Disaster recovery (DR) is one of those old-school IT topics that seems to have fallen out of favor. The feeling seems to be that we’re safe because the public clouds where we host our workloads can’t go down. This is an illusion.
DR is still critically important, even though we aren’t all running centralized mainframe computers anymore. If anything, it has become a new and special challenge. You now have to worry about what you’ll do if the Internet itself goes down.
In the past year, we’ve seen several massive Internet failures. The DDoS attack against Dyn DNS services made thousands of organizations completely unreachable for many hours. The S3 failure at AWS earlier this year, and several smaller failures and DDoS attacks at cloud hosts around the world, prove it’s a serious concern.
And don’t forget your WAN. If it’s primarily VPN-based, you should think about what would happen if one or more of the key links failed or suffered a denial of service attack. (Note that I’m discussing a denial of service attack as if it were a natural disaster.

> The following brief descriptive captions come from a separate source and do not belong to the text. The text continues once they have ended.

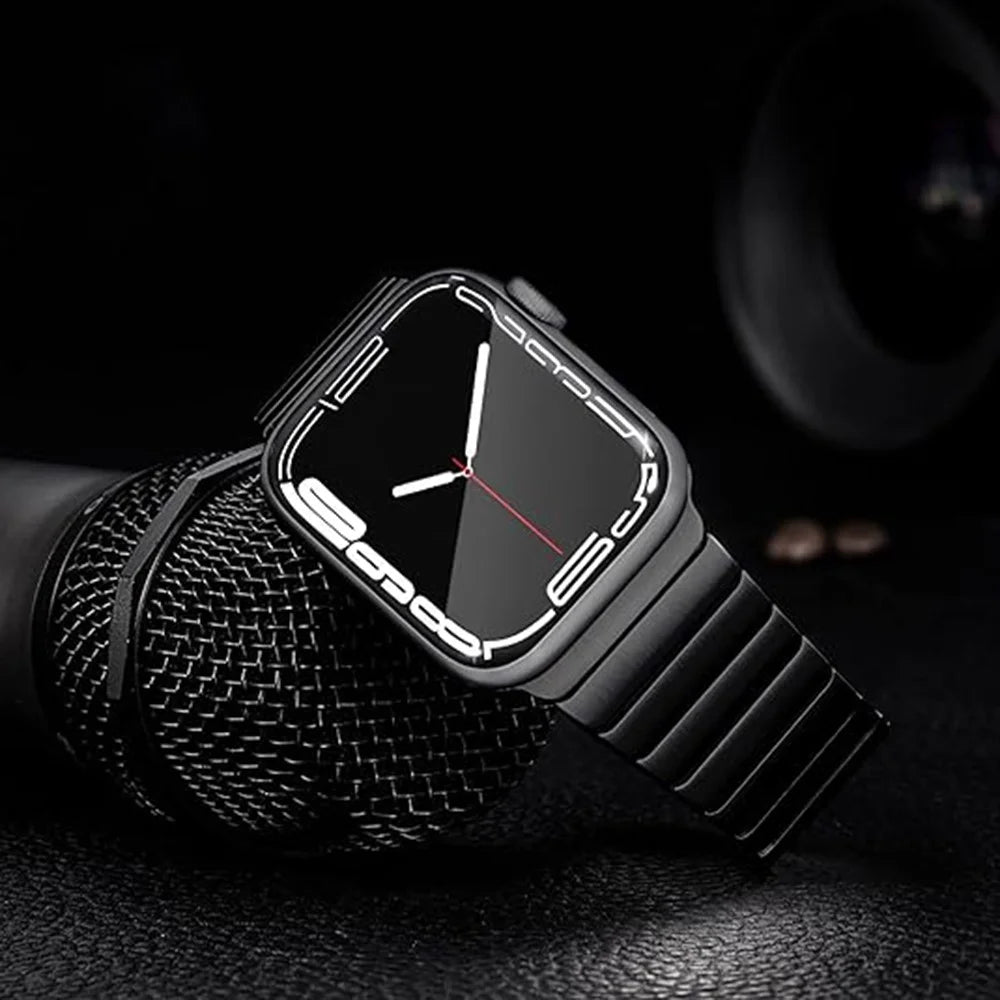 Watch Band For Apple Watch Ultra 3 2 1 49mm / Series 11 10 46mm / 9 8 7 45mm / SE3 SE2 SE 6 5 4 44mm / 3 2 1 42mm 1-Bead Bamboo Link Stainless Steel Strap - Black - 7
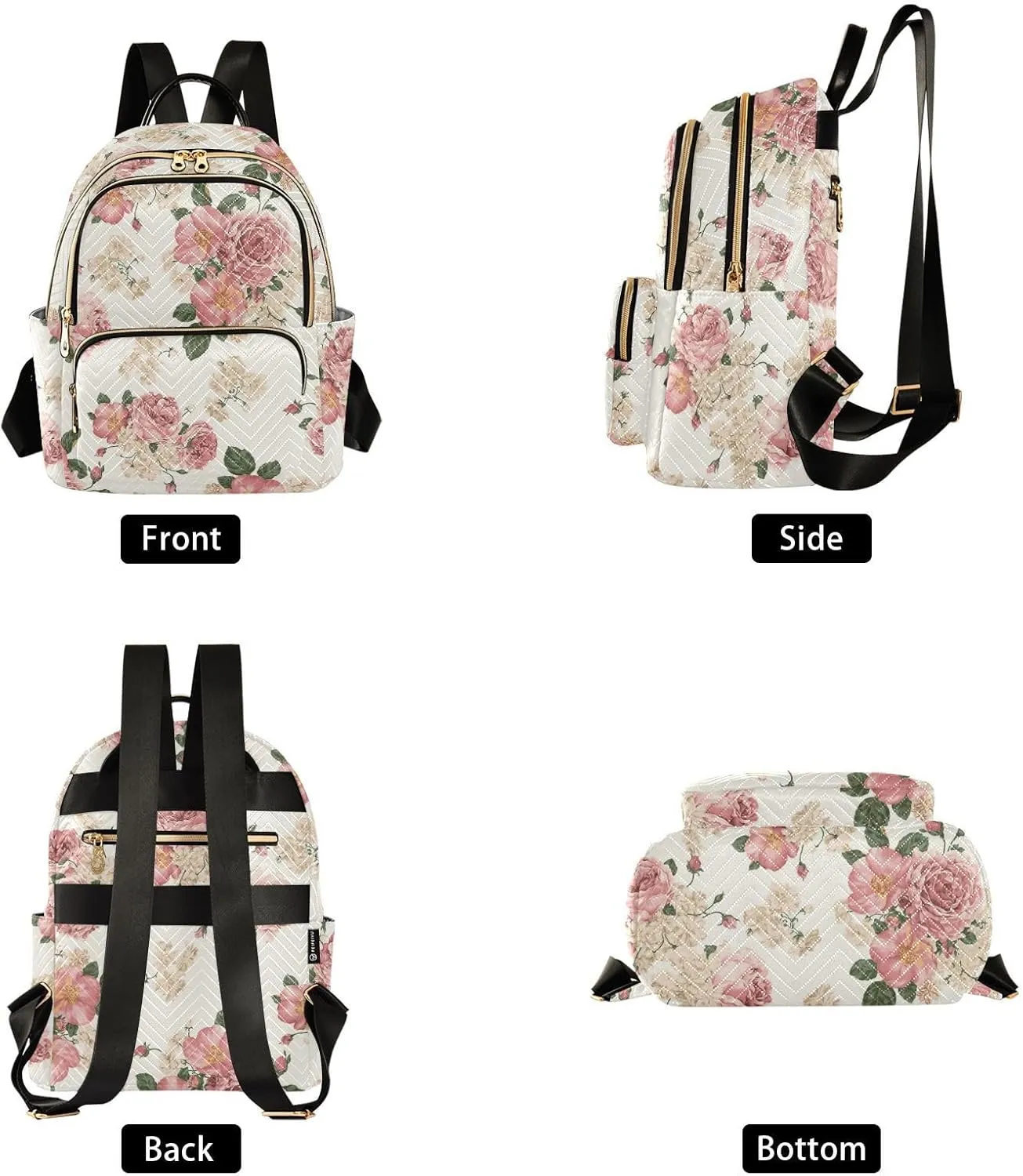 Women Fashion Backpack Purse Casual Lightweight Travel Shoulder Bag Beautiful Roses Vintage Floral Rucksack Ladies Bag, Medium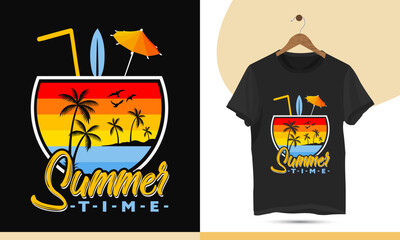 Coconut summertime t-shirt design vector template. High-quality design with a palm tree, Surfboard, stro, and illustration art.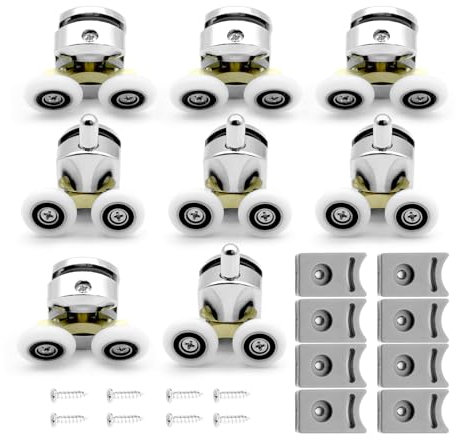 8 Pack Shower Door Wheels and Rollers - 23mm for Enclosure, Screen & Room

That’s because it might as well be.)
The key to any good DR plan is to think about what can go wrong and come up with a contingency. DR for cloud services can get a bit more complicated than having a bunch of backup tapes at a cold standby site, and the DR testing scenarios are more involved than they used to be.

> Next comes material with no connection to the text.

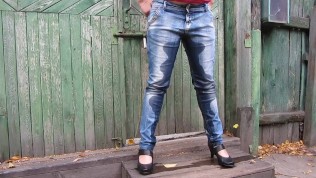 pissing in jeans and shoes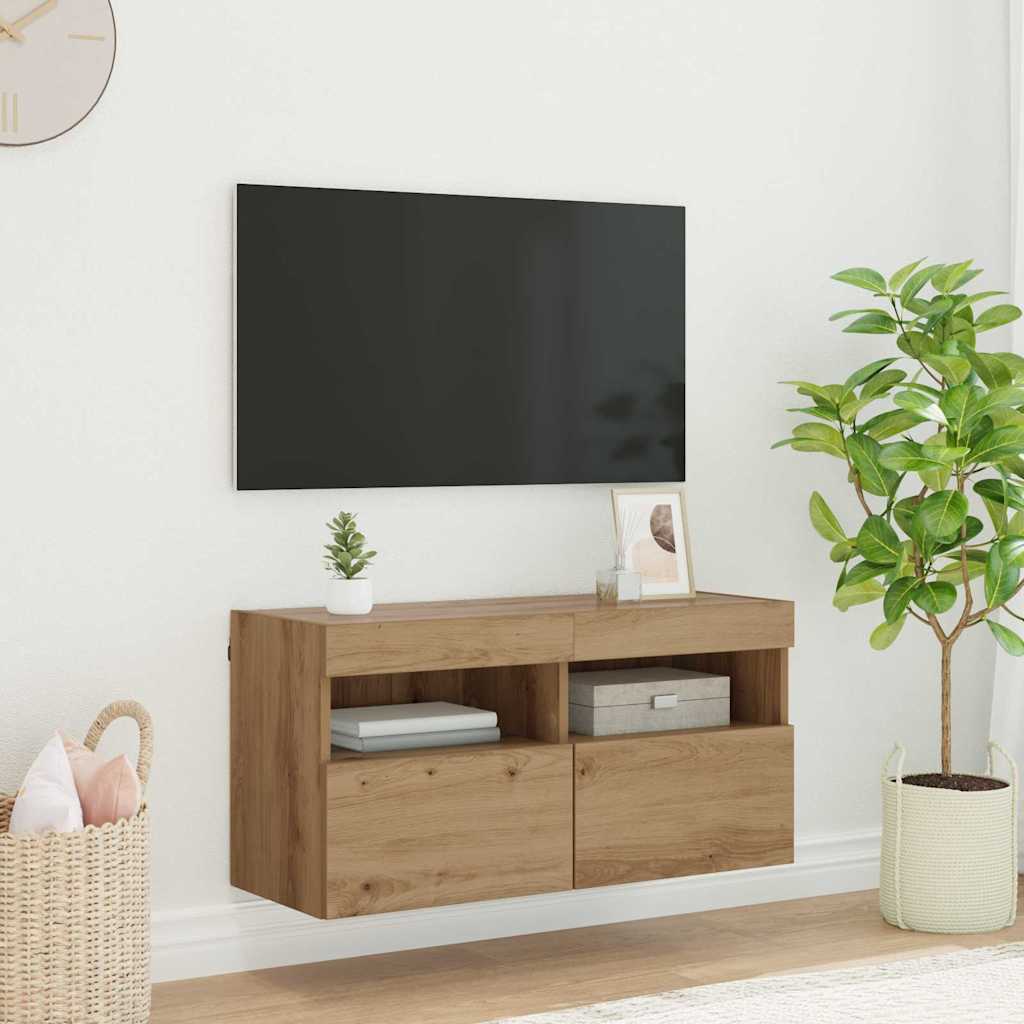 TV vægskab Artisan Egetræ 80 x 30 x 40 cm Konstrueret træ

In this article I try to help you to ask the right questions about how to create a disaster recovery plan for your cloud and MSP services.

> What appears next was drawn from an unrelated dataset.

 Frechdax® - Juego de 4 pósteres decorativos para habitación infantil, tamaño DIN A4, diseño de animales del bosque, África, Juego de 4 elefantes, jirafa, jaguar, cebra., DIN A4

The disaster recovery questions to ask
At a high level, these are the questions I’d want to answer when building a DR plan for cloud-based services:
- How will you recover your compute resources?
- Are there other key IT infrastructure elements like voice or video?
- How will you recover your production data?
- Do you share production data with third parties?
- How will you recover access to your compute resources and data?
- For internal? For customers?
- How will you recover critical communications resources?
- Inbound as well as outbound voice, and don’t forget about call centers.
- How will you recover your internal communications?
- What are the site-to-site voice, video, and data flows?
Don’t plan for smoking craters
Nearly every DR plan I’ve ever seen uses a disaster scenario that I call the “smoking crater.” The data center is gone, burned to the ground, hit by an asteroid, a tornado, an earthquake, a tsunami, or whatever your favorite disaster movie is. The smoking crater DR plan usually assumes nothing in the production data center is available. All applications, all databases, all servers are down.
There are several problems with a smoking crater DR plan.
First, this kind of disaster is extremely rare. I can’t remember the last time a data center actually burned down. If the facility is run in a remotely competent way, it will have many levels of power redundancy including UPS and generators. It will have sophisticated fire suppression mechanisms. Disasters that take out whole data centers are generally the result of poor planning.
Second, when there really is a smoking crater where your stuff used to be, people tend to be pretty forgiving. Think back to the days immediately after the 9/11 terror attacks. Nobody expected those companies to rebuild their IT infrastructure in minutes or hours. If there’s a real smoking crater, you don’t need a disaster recovery plan. You have more important things to worry about.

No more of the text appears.